Long-time large deviations for the multi-asset Wishart stochastic volatility model and option pricing

TL;DR

This paper establishes a large deviations principle for multi-asset Wishart stochastic volatility models, extending the Heston model to multiple assets, and applies it to approximate basket option implied volatility and improve Monte Carlo simulations.

Contribution

It introduces a large deviations framework for multidimensional Wishart stochastic volatility models and applies it to option pricing and simulation efficiency.

Findings

Large deviations principle proven for Wishart models

Asymptotic approximation for basket option implied volatility

Development of an optimal importance sampling algorithm

Abstract

We prove a large deviations principle for the class of multidimensional affine stochastic volatility models considered in (Gourieroux, C. and Sufana, R., J. Bus. Econ. Stat., 28(3), 2010), where the volatility matrix is modelled by a Wishart process.
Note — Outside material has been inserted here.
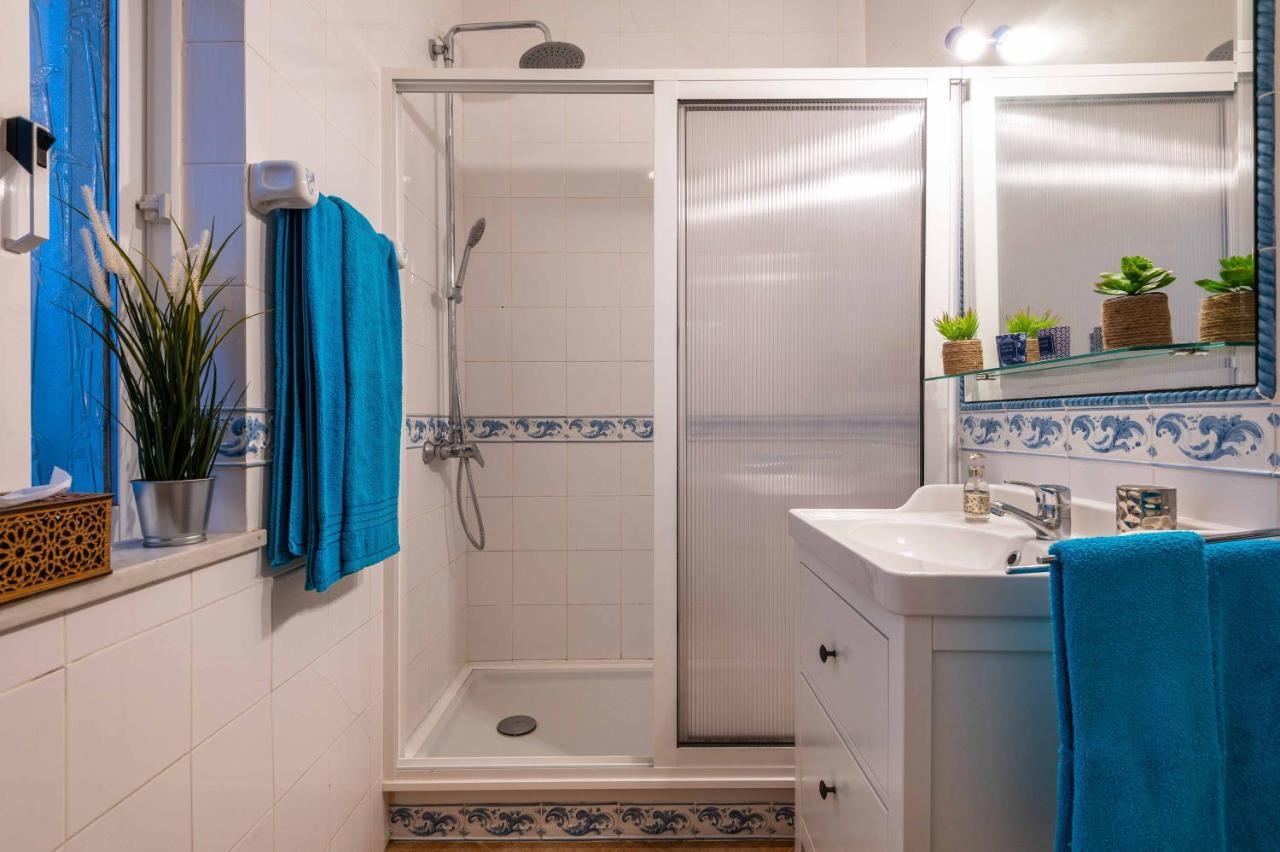 Villa Oasis Gale - Luxury Villa With Private Pool, Ac, Free Wifi, 5 Min From The Beach Albufeira Bagian luar foto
This class extends the very popular Heston model to the multivariate setting, thus allowing to model the joint behaviour of a basket of stocks or several interest rates. We then use the large deviation principle to obtain an asymptotic approximation for the implied volatility of basket options and to develop an asymptotically optimal importance sampling algorithm, to reduce the number of simulations when using Monte-Carlo methods to price derivatives.